Das ist ein wirklich großartiger Film der Dardenne-Brüder. Schön, dass es immer noch Menschen gibt, die an Solidarität glauben.

Hartmut T. · 06.11.2014

15 (oder 16 oder 17, vielleicht sogar 18?) Variationen zu den Themen Solidarität, Streben nach Glück, Verzicht, Freude spenden, Egoismus und und und ... Nach anfänglicher Enttäuschung nach dem Anschauen des Filmes muss ich sagen: Er hat bei mir einen Eindruck hinterlassen und wirkt nach wie der Abgang eines Weines, nur länger. Zu Beginn war ich von Sandra genervt, Die Reaktionen ihrer Kollegen auf Sandras Bitte sind mehr oder weniger vorhersehbar - die Zahl der Argumente dafür oder dagegen ist ja von vornherein sehr eingegrenzt. Daher scheint die Handlung nahezu steigerungslos vor sich hin zu plätschern. Bis kurz vor dem Ende des Films.

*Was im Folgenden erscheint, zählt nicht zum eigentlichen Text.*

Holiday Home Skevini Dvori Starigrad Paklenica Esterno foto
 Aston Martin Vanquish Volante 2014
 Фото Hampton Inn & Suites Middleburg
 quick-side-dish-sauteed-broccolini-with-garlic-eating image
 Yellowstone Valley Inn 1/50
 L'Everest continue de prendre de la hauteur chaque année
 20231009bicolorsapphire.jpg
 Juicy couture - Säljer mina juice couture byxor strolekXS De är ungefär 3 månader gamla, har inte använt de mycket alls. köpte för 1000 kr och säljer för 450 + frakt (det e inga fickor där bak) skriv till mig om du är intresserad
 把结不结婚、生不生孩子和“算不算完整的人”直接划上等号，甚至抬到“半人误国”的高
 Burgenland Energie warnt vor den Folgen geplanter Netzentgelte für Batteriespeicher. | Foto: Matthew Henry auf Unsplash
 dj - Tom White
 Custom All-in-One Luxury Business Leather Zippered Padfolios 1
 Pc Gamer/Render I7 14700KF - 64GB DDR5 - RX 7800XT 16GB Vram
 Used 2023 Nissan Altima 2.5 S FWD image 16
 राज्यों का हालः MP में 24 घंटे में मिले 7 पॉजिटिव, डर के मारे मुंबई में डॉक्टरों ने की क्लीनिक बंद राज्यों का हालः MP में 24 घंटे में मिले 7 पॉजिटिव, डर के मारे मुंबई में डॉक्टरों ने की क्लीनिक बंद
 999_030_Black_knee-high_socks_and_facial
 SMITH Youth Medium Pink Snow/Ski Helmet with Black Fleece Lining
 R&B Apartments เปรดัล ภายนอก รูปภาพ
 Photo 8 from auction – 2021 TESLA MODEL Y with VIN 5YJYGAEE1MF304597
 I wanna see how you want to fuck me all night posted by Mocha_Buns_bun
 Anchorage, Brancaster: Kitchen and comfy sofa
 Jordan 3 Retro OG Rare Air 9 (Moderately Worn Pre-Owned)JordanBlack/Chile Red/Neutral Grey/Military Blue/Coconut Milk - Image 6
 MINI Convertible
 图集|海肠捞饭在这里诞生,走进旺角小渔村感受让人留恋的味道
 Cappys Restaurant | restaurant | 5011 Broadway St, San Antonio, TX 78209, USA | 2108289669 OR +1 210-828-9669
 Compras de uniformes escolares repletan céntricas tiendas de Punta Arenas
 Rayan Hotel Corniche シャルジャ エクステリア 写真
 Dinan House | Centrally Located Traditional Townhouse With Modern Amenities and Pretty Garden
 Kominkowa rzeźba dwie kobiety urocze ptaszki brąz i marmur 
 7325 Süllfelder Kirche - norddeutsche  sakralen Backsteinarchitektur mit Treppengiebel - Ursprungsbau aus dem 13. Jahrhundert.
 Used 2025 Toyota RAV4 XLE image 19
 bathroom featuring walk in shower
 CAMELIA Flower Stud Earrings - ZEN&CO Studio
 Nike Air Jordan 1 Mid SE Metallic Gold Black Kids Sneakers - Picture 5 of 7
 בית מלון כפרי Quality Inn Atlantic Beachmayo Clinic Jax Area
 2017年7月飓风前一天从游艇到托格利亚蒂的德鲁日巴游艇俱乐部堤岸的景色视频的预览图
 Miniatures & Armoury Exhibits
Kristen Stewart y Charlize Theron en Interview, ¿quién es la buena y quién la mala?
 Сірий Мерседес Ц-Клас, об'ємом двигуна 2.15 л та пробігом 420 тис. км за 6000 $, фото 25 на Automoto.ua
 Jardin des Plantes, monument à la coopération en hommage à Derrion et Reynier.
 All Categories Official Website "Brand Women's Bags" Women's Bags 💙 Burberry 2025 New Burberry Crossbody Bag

Die Art, wie die Dardennes das Thema präsentieren, kommt wahrscheinlich am besten bei den Menschen an, die selbst schon eine ähnliche Situation erlebt haben. Die Regisseure bleiben auf einem realitätsnahen Pfad, mit Ansätzen der Verwendung dokumentarischer Stilelemente. Ken Loach hätte vielleicht etwas Humor reingebracht, dann wäre die Nachwirkung aber wahrscheinlich weniger intensiv.